LLM models answer your questions in the best way their training allows, but they always answer back in plain text.

With Sibila, you can extract structured data from LLM models. Not whatever the model chose to output (even if you asked it to answer in a certain format), but the exact fields and types that you need.

This not only simplifies handling the model responses but can also open new possibilities: you can now deal with the model in a structured way.

Extract Pydantic, dataclasses or simple types#

To specify the structured output that you want from the model, you can use Pydantic's BaseModel derived classes, or the lightweight Python dataclasses, if you don't need the whole Pydantic.

With Sibila, you can also use simple data types like bool, int, str, enumerations or lists. For example, need to classify something?

Example

from sibila import Models

model = Models.create("openai:gpt-4")

model.classify(["good", "neutral", "bad"], 
               "Running with scissors")

Result

'bad'

How does it work?
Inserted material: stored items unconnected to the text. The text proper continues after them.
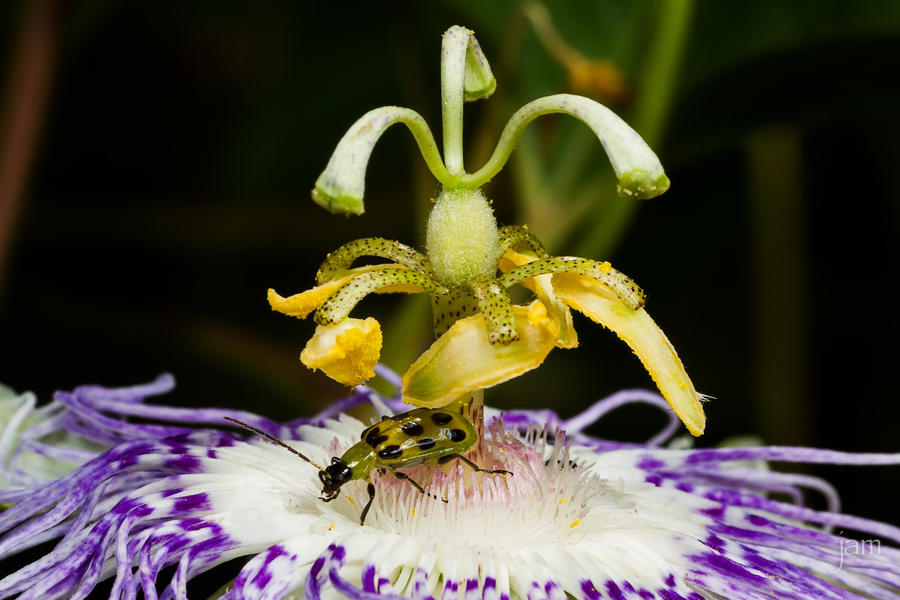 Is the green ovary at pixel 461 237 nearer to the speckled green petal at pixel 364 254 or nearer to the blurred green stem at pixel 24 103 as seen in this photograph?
the speckled green petal at pixel 364 254

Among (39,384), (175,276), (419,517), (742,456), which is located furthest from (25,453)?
(175,276)

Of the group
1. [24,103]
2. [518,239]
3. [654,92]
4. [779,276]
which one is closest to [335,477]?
[518,239]

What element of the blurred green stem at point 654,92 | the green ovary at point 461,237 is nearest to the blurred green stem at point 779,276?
the blurred green stem at point 654,92

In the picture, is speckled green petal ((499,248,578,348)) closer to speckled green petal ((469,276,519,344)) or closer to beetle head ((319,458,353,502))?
speckled green petal ((469,276,519,344))

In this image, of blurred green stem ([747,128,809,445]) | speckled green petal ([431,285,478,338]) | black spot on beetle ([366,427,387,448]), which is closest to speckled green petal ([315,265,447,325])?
speckled green petal ([431,285,478,338])

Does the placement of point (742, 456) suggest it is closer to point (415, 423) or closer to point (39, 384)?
point (415, 423)
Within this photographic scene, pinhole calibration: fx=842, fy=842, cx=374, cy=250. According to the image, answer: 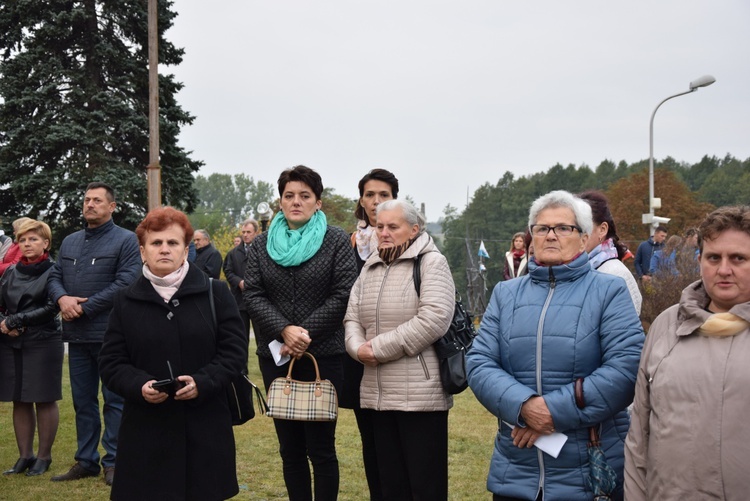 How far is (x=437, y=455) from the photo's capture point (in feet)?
15.8

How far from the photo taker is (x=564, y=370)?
359cm

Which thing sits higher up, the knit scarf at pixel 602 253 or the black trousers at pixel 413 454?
the knit scarf at pixel 602 253

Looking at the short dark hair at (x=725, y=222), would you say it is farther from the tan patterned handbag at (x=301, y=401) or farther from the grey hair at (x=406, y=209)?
the tan patterned handbag at (x=301, y=401)

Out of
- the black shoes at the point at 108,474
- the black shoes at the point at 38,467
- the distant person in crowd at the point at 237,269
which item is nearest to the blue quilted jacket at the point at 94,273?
the black shoes at the point at 108,474

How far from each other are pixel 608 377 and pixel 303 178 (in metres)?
2.64

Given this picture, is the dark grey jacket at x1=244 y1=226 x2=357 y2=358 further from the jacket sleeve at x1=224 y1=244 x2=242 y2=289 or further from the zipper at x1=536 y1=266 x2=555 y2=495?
the jacket sleeve at x1=224 y1=244 x2=242 y2=289

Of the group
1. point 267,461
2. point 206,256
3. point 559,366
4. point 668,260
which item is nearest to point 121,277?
point 267,461

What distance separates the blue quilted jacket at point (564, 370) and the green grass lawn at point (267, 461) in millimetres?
3075

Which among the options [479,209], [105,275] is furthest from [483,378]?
[479,209]

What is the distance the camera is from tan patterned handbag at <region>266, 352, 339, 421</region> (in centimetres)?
497

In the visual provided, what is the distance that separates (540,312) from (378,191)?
95.8 inches

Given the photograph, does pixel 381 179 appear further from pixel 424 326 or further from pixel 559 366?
pixel 559 366

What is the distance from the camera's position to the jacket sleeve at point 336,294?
5180mm

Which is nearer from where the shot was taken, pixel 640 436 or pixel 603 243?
pixel 640 436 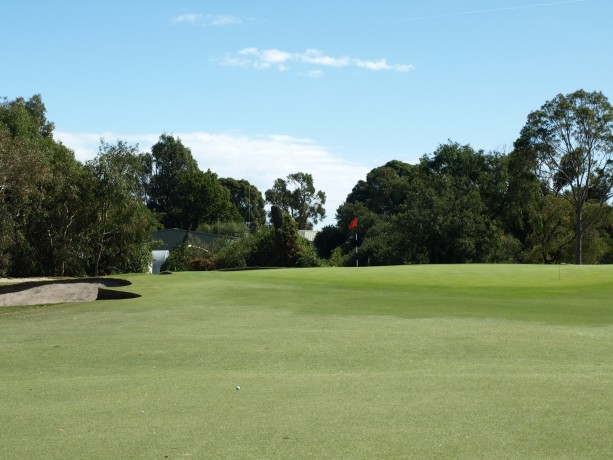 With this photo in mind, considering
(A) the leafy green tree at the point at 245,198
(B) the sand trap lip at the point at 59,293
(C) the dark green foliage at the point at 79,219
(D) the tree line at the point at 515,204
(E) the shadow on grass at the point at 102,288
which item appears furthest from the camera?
(A) the leafy green tree at the point at 245,198

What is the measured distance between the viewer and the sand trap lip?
23.3m

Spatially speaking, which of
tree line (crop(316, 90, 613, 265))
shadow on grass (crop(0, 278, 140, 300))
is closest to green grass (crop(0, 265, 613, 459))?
shadow on grass (crop(0, 278, 140, 300))

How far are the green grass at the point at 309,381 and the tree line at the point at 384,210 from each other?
2593cm

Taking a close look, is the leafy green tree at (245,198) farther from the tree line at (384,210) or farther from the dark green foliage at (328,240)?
the dark green foliage at (328,240)

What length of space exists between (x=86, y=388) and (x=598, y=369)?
6.39 metres

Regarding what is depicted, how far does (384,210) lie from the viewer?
91.2 metres

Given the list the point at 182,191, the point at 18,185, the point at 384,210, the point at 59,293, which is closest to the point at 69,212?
the point at 18,185

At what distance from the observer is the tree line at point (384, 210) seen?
149ft

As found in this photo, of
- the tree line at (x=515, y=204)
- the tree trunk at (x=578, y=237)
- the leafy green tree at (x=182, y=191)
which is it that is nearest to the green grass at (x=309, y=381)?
the tree line at (x=515, y=204)

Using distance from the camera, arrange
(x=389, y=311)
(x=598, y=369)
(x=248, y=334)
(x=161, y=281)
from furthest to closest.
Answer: (x=161, y=281) → (x=389, y=311) → (x=248, y=334) → (x=598, y=369)

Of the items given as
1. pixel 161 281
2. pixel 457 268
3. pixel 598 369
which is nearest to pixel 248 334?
pixel 598 369

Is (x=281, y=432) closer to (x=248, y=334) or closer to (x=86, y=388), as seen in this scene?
(x=86, y=388)

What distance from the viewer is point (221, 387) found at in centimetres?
877

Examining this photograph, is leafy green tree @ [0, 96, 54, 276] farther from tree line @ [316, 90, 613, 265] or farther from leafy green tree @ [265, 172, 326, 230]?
leafy green tree @ [265, 172, 326, 230] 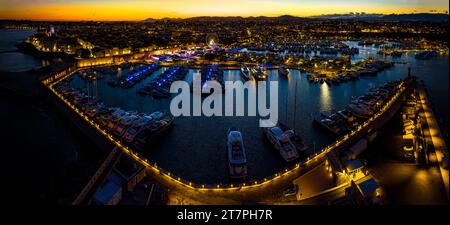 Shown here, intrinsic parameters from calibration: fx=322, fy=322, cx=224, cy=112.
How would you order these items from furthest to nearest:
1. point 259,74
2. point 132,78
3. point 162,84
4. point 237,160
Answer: point 259,74
point 132,78
point 162,84
point 237,160

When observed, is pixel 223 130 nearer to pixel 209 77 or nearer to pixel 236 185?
pixel 236 185

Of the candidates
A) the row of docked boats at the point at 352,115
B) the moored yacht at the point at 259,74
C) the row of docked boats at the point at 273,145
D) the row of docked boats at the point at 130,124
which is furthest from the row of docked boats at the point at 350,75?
the row of docked boats at the point at 130,124

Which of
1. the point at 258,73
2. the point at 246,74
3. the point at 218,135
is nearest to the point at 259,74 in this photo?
the point at 258,73

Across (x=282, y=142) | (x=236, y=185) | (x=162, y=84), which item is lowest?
(x=236, y=185)

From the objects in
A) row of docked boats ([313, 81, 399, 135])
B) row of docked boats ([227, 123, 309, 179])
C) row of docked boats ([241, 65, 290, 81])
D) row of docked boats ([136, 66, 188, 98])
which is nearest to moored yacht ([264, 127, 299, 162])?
row of docked boats ([227, 123, 309, 179])

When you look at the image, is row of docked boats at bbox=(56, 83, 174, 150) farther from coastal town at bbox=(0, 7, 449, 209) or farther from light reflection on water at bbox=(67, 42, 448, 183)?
light reflection on water at bbox=(67, 42, 448, 183) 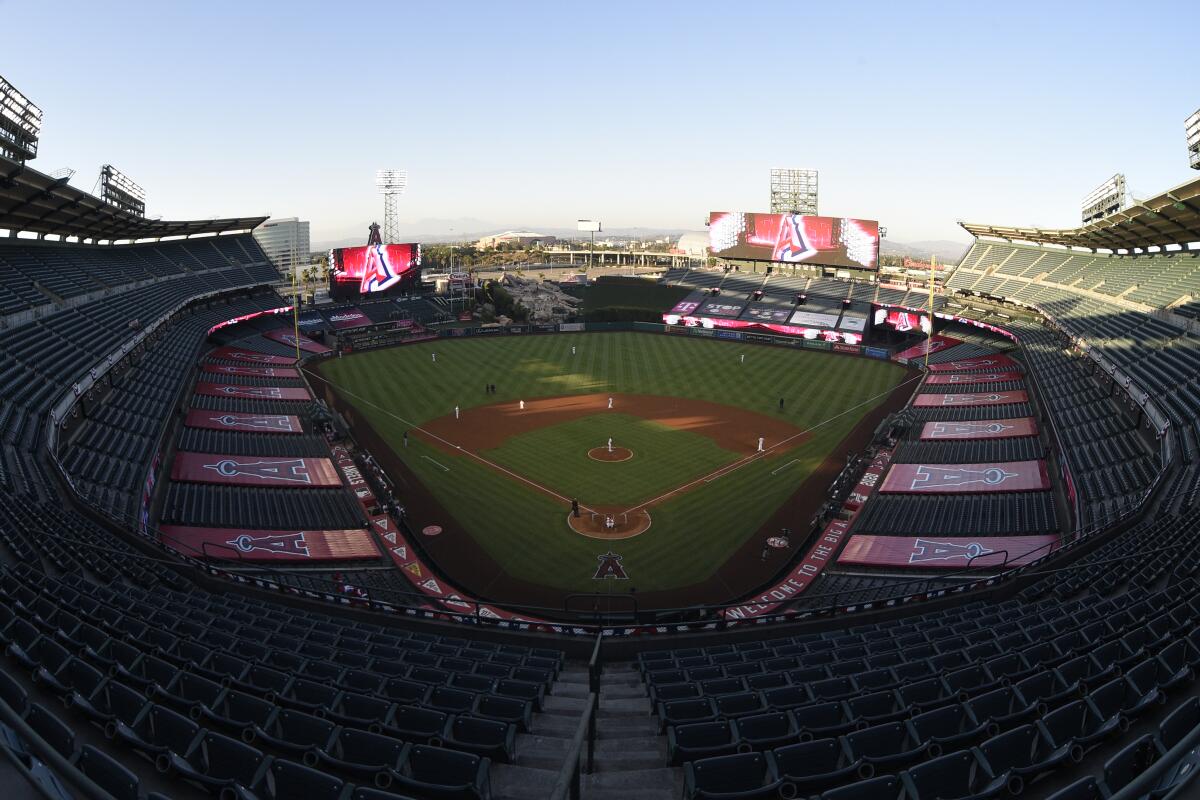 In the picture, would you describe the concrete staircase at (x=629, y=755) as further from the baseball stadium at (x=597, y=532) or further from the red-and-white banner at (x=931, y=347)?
the red-and-white banner at (x=931, y=347)

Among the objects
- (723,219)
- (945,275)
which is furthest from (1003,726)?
(945,275)

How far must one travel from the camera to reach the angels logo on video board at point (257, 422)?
37250mm

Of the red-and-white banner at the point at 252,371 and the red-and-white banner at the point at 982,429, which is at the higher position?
the red-and-white banner at the point at 252,371

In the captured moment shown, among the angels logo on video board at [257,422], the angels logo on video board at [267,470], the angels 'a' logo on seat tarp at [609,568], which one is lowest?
the angels 'a' logo on seat tarp at [609,568]

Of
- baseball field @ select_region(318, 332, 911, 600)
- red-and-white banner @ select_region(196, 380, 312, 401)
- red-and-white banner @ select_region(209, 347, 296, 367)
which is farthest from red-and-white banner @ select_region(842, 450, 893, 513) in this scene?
red-and-white banner @ select_region(209, 347, 296, 367)

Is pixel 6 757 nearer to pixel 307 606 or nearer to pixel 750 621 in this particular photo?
pixel 307 606

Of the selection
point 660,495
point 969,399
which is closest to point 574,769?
point 660,495

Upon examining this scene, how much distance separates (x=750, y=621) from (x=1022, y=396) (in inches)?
1365

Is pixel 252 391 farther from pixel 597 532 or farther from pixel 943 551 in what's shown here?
pixel 943 551

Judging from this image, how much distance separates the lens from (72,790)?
530 cm

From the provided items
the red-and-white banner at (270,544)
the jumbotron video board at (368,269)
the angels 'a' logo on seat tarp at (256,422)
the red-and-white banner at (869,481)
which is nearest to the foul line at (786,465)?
the red-and-white banner at (869,481)

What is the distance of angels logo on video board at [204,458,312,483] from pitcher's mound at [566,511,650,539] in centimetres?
1222

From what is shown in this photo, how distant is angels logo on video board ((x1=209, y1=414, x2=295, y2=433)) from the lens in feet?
122

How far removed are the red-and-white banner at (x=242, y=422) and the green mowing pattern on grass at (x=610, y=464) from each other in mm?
11127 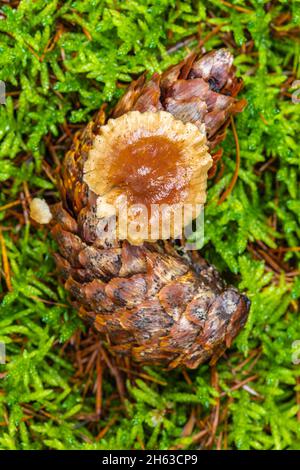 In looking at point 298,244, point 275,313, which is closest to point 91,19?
point 298,244

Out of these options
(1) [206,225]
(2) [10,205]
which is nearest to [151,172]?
(1) [206,225]

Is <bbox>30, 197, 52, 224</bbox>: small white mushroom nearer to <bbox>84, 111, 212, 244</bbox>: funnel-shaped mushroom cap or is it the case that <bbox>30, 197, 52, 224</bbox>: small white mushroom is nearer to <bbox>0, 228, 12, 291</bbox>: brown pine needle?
<bbox>0, 228, 12, 291</bbox>: brown pine needle

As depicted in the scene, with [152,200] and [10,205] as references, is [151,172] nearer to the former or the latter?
[152,200]

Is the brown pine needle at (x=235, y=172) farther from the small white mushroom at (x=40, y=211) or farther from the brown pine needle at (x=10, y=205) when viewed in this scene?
the brown pine needle at (x=10, y=205)

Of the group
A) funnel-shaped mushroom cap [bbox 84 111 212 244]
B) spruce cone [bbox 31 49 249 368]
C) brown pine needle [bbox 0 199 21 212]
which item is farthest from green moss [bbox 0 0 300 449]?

Extraction to the given data types is guaranteed by automatic JSON Schema grammars in local models, or by the Tools functionality of OpenAI API (or the equivalent in other remote models).

From your models or remote models#

Small downloadable 7B parameter models are getting better every month and they have reached a level where they are competent enough for most common data extraction or summarization tasks.

With 8Gb or more of RAM or GPU memory, you can get good structured output from models like Llama-3, Phi-3, OpenChat or any other GGUF file.

Or perhaps the task requires use of state of the art remote models from OpenAI, Anthropic, Mistral AI or other providers - this is also supported by Sibila.

Same API#

The same API is used for both remote and local models. This makes the switch to newer or alternative models much easier, and makes it simpler to evaluate model outputs.

With Sibila you can choose the best model for each use, allowing you the freedom of choice.

And with model management#

Includes a Models factory that creates models from simple names instead of having to track model configurations, filenames or chat templates.

local_model = Models.create("llamacpp:openchat")

remote_model = Models.create("openai:gpt-4")    

Chat templates are automatically used for local models from an included format registry.

Sibila includes a CLI tool to download GGUF models from Hugging Face model hub, and to manage its Models factory.